You're gunna need some serious power and a 15 or 18 cab to get those lows out!

See also Music Man SUB basses, made in the USA and go for about what you want to spend. A little more common as well. Try basschat.co.uk maybe?


----------



## Rook (Sep 12, 2010)

Just a note, the two I suggested are 34" basses, I honestly don't think the one inch is going to make a huge difference. for that kind of serious low end, it's gunna be seriously floppy. We served someone in our shop recently who took a fender down to G, we put a .175 gauge on the low G and it was still rattling around and that was a long scale bass (JP-90 or something?). The SUB and $$ will be much better than any Ibanez or Schecter bass IMHO.


----------



## TemjinStrife (Sep 12, 2010)

Schecter Stiletto Studio used.
Ibanez BTB used.


----------



## Andii (Sep 12, 2010)

Fun111 said:


> Just a note, the two I suggested are 34" basses, I honestly don't think the one inch is going to make a huge difference.


I've owned both scales, it makes a huge difference. The extra inch is just what a bass needs to make it work great any lower than B.


----------



## bostjan (Sep 12, 2010)

Weird, I have a Dean Edge 6 and it's got active electronics.

If you can get a 35" Ibanez in your price range, that's definitely a good move. I'm pretty sure the Dean will be well within your range.


----------



## DaveCarter (Sep 12, 2010)

Andii said:


> I've owned both scales, it makes a huge difference. The extra inch is just what a bass needs to make it work great any lower than B.



Yup, I did my homework on this over the last month and everyone Ive found who tunes as low as G# said that 35" is the minimum necessary to make it happen, thats why Im set on buying a 35", ideally with humbuckers, active if possible. I'll keep my eyes open for a used BTB but Im basically limited to whatever appears on ebay in the next couple of months, which at the moment is none. Cheers for the heads up on secondhand Warwick's, Id thought theyd be too expensive for me but I'll start including them in my searches.

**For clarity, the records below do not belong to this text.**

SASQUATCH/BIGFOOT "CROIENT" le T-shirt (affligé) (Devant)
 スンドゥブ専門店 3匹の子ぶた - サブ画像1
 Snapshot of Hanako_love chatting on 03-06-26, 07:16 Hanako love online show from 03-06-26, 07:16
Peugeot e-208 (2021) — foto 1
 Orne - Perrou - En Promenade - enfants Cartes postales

Thanks to everyone, pos rep all round!


----------



## Hyke666 (Sep 14, 2010)

i bought a 5 string schecter hellraiser bass and it was the best i ever bought, plays really well and sounds even better


----------



## EliNoPants (Sep 14, 2010)

the last time i tried out a buncha different basses, the Traben Chaos Core 5 absolutely slew anything else i touched until i got to the $3k+ Warwick, their whole "bigger bridge, bigger tone" thing is no bullshit, i mean, it wasn't even a fair comparison to the other basses in tone, though the string spacing was kind of wide for my taste, but the tone was killer enough that i'm aiming to get one in the near future

also, think about any ESP or Schecter endorser who plays bass, do they have a tone you want? because i've NEVER heard one that sounds good, live or album...they play phenomenally and have an obscenely comfortable neck, but the tone just hasn't got even a single testicle to it


----------



## TemjinStrife (Sep 14, 2010)

EliNoPants said:


> the last time i tried out a buncha different basses, the Traben Chaos Core 5 absolutely slew anything else i touched until i got to the $3k+ Warwick, their whole "bigger bridge, bigger tone" thing is no bullshit, i mean, it wasn't even a fair comparison to the other basses in tone, though the string spacing was kind of wide for my taste, but the tone was killer enough that i'm aiming to get one in the near future
> 
> also, think about any ESP or Schecter endorser who plays bass, do they have a tone you want? because i've NEVER heard one that sounds good, live or album...they play phenomenally and have an obscenely comfortable neck, but the tone just hasn't got even a single testicle to it



Really? I found the Trabens to be very similar in sound to my Schecter since they often use the same pickups and EQ. If anything, the Traben was a bit "clickier" which I don't really like. 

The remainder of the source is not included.